On 5 May 2023 the OECD published a working paper by Manabu Nose and Jiro Honda with the title Firm-level Digitalization and Resilience to Shocks: Role of Fiscal Policy.

The study looked at the implications of digitalization for the economy, including the effect on the resilience of firms to economic shocks and the role of fiscal policy in promoting firm-level digitalisation. Using data on 1.8 million non-financial firms from 53 countries extracted from the Orbis database, the authors found evidence that digitalised businesses are more resistant to shocks, experiencing smaller falls in sales and profits than non-digitalised firms. In the case of loss-making firms, the absence of digitalization increases the effect and duration of the negative shock.

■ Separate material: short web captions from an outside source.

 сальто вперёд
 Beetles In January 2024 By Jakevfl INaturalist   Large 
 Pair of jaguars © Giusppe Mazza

If the tax regime on digital services can be aligned with general taxation principles and competitive procurement rules on digital products, this could represent support for the effective promotion of firm-level digitalisation, which could help strengthen firms’ resilience to shocks. Fiscal interventions can be effective in the promotion of firm-level digitalization. The paper therefore examines the kind of fiscal policies that could drive digitalisation.

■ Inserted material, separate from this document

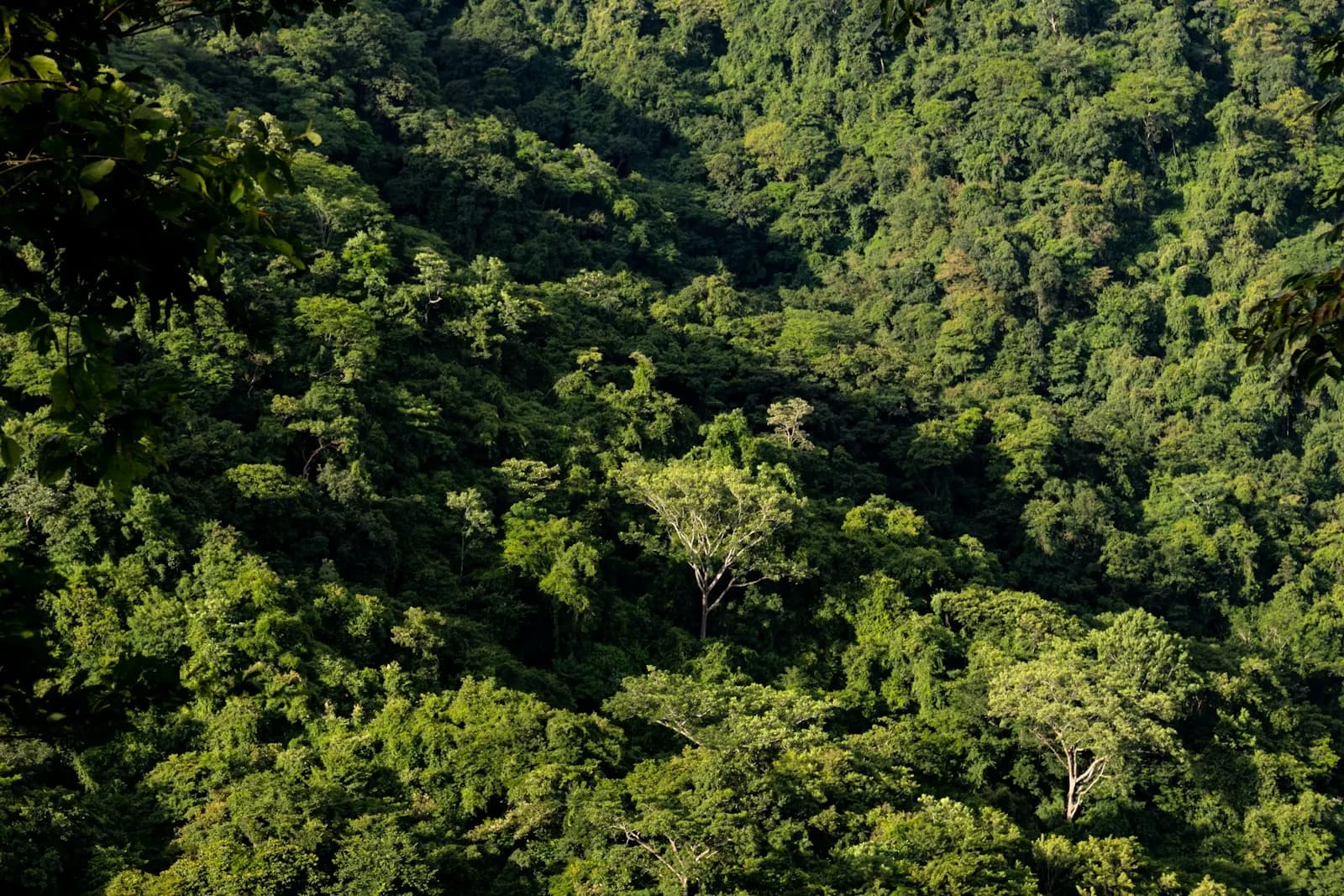 Dense green forest covers rolling hills in Nicoya, Costa Rica.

Businesses have an incentive to continue with further digitalization because the adoption of digital technologies is often expected to raise firm productivity through innovation. However, the government can also play a part in promoting digitalisation by facilitating access to digital technology. The public view of the fairness of the agencies administering the tax rules and the procurement rules can drive forward firm-level digitalisation.

The results of the study indicate that there are important differences between digitalized and less-digitalized firms and these need to be taken into account by governments when deciding on support for businesses. When there is an economic shock, some digitalised firms can survive and come out of the crisis in a better position than before. Some less digitalised firms may suffer lasting problems and may have little hope of recovering after the economic shock. Government support needs to go to those firms that need support and that have some hope of recovery from a crisis.

As digitalisation strengthens the resilience of a business to shocks at the micro level, it follows that progress in digitalization in a larger number of firms can strengthen the resilience of the overall economy at the macro level. The government should therefore monitor the status of firm-level digitalization to assess what further measures may be needed to strengthen businesses and the economy as a whole. Governments could lower the barriers for digital investment through a less restrictive tax regime. The use of tax incentives and subsidies could support the promotion of digitalization. Open and competitive public procurement could also promote digitalization in private business.